Singapore Exchange Last Week: STI Falls 2.9% as Middle East Oil Shock Hits Airlines

Singapore Exchange Last Week: STI Falls 2.9% as Middle East Oil Shock Hits Airlines

March 7, 2026

SINGAPORE, March 7, 2026, 15:31 SGT

Singapore shares barely budged on Friday, capping the session with the Straits Times Index (STI) up just 1.69 points at 4,848.25. Still, a tough week for the Singapore Exchange: the benchmark of 30 blue chips dropped 2.9% over five days as turmoil in the Middle East drove oil prices higher and sapped risk sentiment throughout Asia.

The STI topped 5,000 back in mid-February, but that didn’t last. The index’s quick retreat highlights just how sharply a spike in oil prices can rattle Southeast Asian stocks—especially in Asia, where refiners and buyers are still deeply tied to Middle Eastern crude.

The path lower was jagged. The STI slipped 2.1% Monday, managed a 0.5% bounce Tuesday, gave up another 2.1% Wednesday, then clawed back 0.7% Thursday before barely moving on Friday. That Wednesday drop coincided with a deeper hit across the region: South Korea’s Kospi plunged 12.1%, Japan’s Nikkei 225 shed 3.6%, and Hong Kong’s Hang Seng lost 2%.

ST Engineering popped this week, notching a 9.8% gain. Jardine Matheson, on the flip side, slid 8.5%. Singapore Airlines gave up 7.4%, and SATS also took a hit, down 6.9%, as traders reacted to pricier jet fuel and ongoing flight snags.

Selective buying cropped up on Friday.

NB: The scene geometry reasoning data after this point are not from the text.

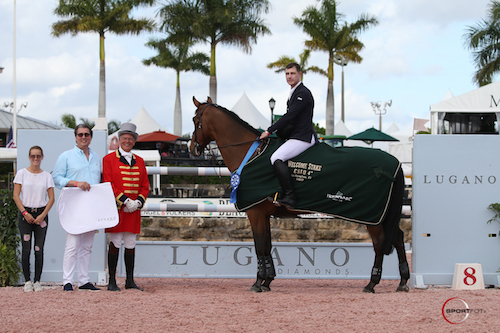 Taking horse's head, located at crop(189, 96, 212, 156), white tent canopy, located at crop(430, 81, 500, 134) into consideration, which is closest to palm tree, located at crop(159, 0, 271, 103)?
white tent canopy, located at crop(430, 81, 500, 134)

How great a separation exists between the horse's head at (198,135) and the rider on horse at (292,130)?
0.72 metres

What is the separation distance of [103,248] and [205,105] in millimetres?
2121

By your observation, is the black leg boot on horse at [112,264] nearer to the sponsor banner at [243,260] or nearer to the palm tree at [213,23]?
the sponsor banner at [243,260]

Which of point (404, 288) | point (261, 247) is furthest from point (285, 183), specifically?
point (404, 288)

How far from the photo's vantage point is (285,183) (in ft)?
16.8

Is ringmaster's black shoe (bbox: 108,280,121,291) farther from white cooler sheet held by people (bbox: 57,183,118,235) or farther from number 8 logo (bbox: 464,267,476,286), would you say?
number 8 logo (bbox: 464,267,476,286)

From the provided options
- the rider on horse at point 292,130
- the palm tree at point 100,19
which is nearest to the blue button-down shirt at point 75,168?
the rider on horse at point 292,130

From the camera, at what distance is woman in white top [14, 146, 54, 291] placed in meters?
5.24

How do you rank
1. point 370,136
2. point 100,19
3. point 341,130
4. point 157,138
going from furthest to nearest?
1. point 341,130
2. point 100,19
3. point 157,138
4. point 370,136

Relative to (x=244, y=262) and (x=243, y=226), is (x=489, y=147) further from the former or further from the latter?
(x=243, y=226)

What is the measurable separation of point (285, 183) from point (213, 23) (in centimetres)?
2331

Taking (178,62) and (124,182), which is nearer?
(124,182)

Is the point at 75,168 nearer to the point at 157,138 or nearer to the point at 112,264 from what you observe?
the point at 112,264

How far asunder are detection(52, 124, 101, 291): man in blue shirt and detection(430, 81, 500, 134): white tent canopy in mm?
14448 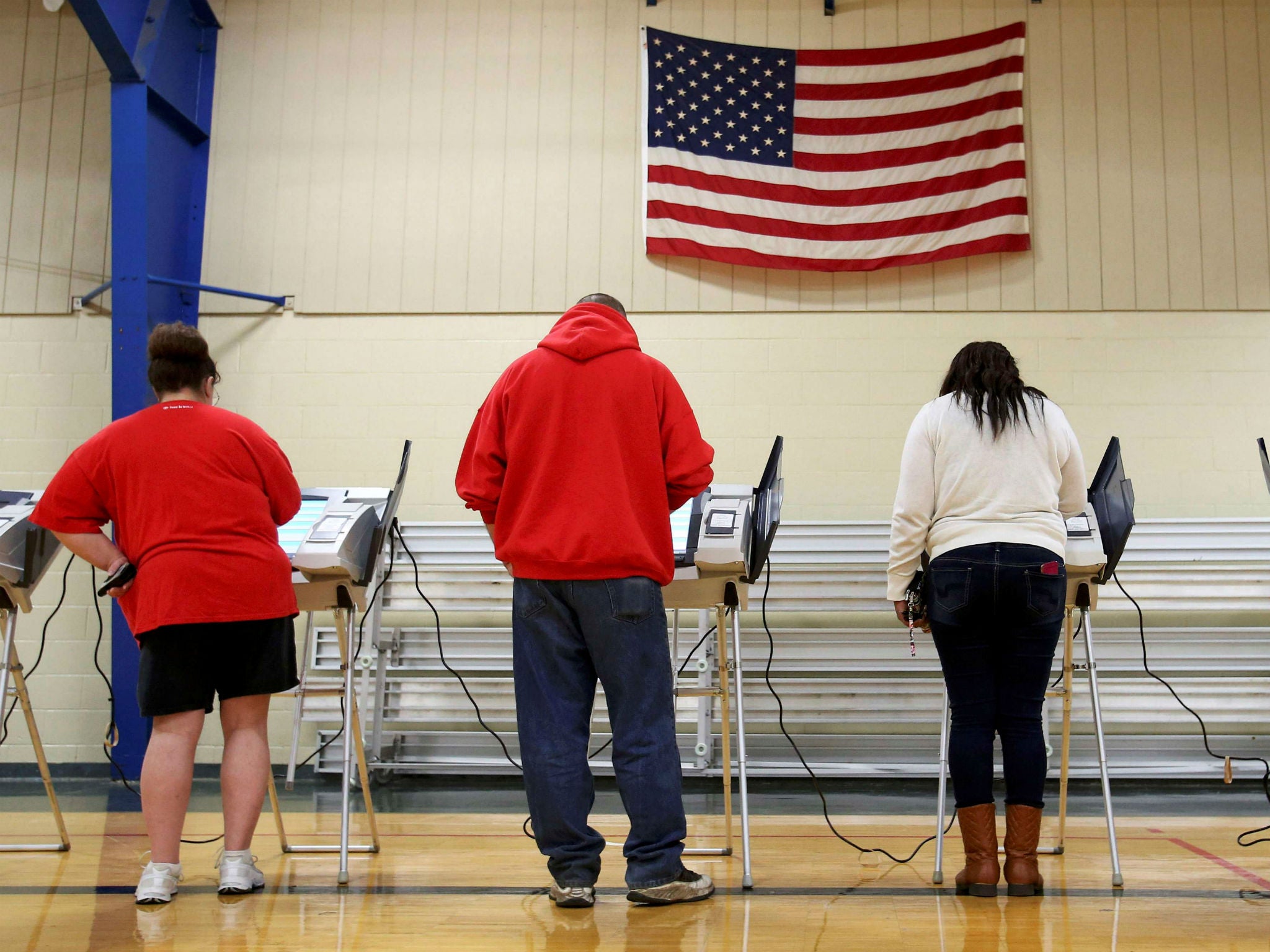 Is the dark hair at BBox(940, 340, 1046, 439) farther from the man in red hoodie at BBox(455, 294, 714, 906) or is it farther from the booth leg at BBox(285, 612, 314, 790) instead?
the booth leg at BBox(285, 612, 314, 790)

Hongkong Land popped 2.8%, topping the STI, but City Developments dropped 1.9%. The trio of local banks diverged during the session, and all three still closed the week in the red: DBS down roughly 3.7% over the week, OCBC off 2.8%, UOB 2.4% lower.

Stocks and other so-called “risk assets” have been finding some stability as oil prices and the U.S. dollar pulled back a bit, according to Stephen Innes, managing partner at SPI Asset Management. “Animal spirits” are returning, said Interactive Brokers senior economist Jose Torres, with investors deciding the crisis may not be spiraling as fast as many had feared. The Business Times

The uneasy calm hinges on crude remaining in a tight band, Innes pointed out. Saxo’s Charu Chanana flagged that the market’s currently pricing a conflict that “could drag on.” Brent finished at $85.41 a barrel on March 5, according to Reuters, with U.S. crude vaulting over 12% on March 6. Reuters also noted that Asian refiners have already hit snags trying to source quick Middle East shipments. The Business Times

Selling pressure eased but didn’t vanish on Friday. Advancers led decliners 342 to 233 on the broader Singapore market, as S$2.1 billion worth of shares traded hands. That kind of volume suggests buyers came back in, though with caution.